In Ismet’s case, the petition he signed had been drafted in January 2016 - six months before the coup attempt - by Turkish intellectuals denouncing human rights violations in the south-east of the country following the resumption of armed clashes. “We are the victims of a political situation,” explains Ismet. “In Turkey, there are some matters, starting with the Kurdish question, which should not be tackled if you don’t want any problems.”

As well as losing his job, Ismet is more or less under house arrest. “They have cancelled my passport,” he says. “I am not allowed to leave the country, a country in which I am also not allowed to work."

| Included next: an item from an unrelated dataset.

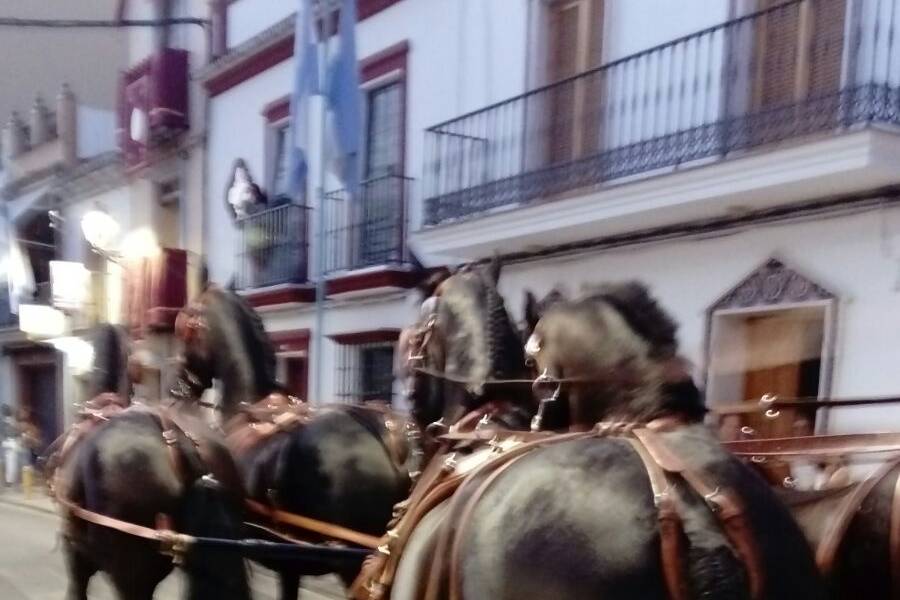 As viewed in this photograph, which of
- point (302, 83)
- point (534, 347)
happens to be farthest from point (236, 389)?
point (302, 83)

This situation is even more difficult because, as a researcher, Ismet can no longer apply for any research grants. "I was to prepare a report on the Balkan region. But to do this, I needed to make numerous return trips. I have been unable to carry out this work."

Despite everything, Ismet considers himself lucky: with the backing of his professional network and his fluency in three languages, he is occasionally able to get translation work. He also helps foreign journalists who come to work for short periods in Turkey.

Financially, he survives thanks to the monthly salary paid to him by Eğitim-Sen and support from friends. ''In the initial months [after dismissal], I received TRY2,000 (€500) from the union, but with the dismissals increasing across the country, the amounts are getting smaller. I am grateful for the assistance that Eğitim-Sen gives us. However, he – and everyone else – knows that this necessary financial help will not last. “Our situation will not be sorted out quickly. It will continue for some years. In spite of its efforts, the union will not be able to subsidise everybody’s needs indefinitely. We will have to find new jobs.”

As with other dismissed academics, Ismet deplores the social isolation and psychological torture caused by this situation. “Our lives are built around our work. It is as if we have had a leg cut off.”

Ismet tells his story as he would teach a class at the university. He weighs his words, with ideas organised point by point, as if chapters. However, he never stops smiling as he tells this burdensome tale. It is undoubtedly the mask which enables him to save face. This is also the mask of a father who has to explain his situation to his nine-year-old son “using simple words and sound teaching”.Even now, the union remains present. Meetings with psychologists will be organised during the summer followed by psychological support for those families needing it. “Our strength lies in our political and union solidarity,”concludes Ismet.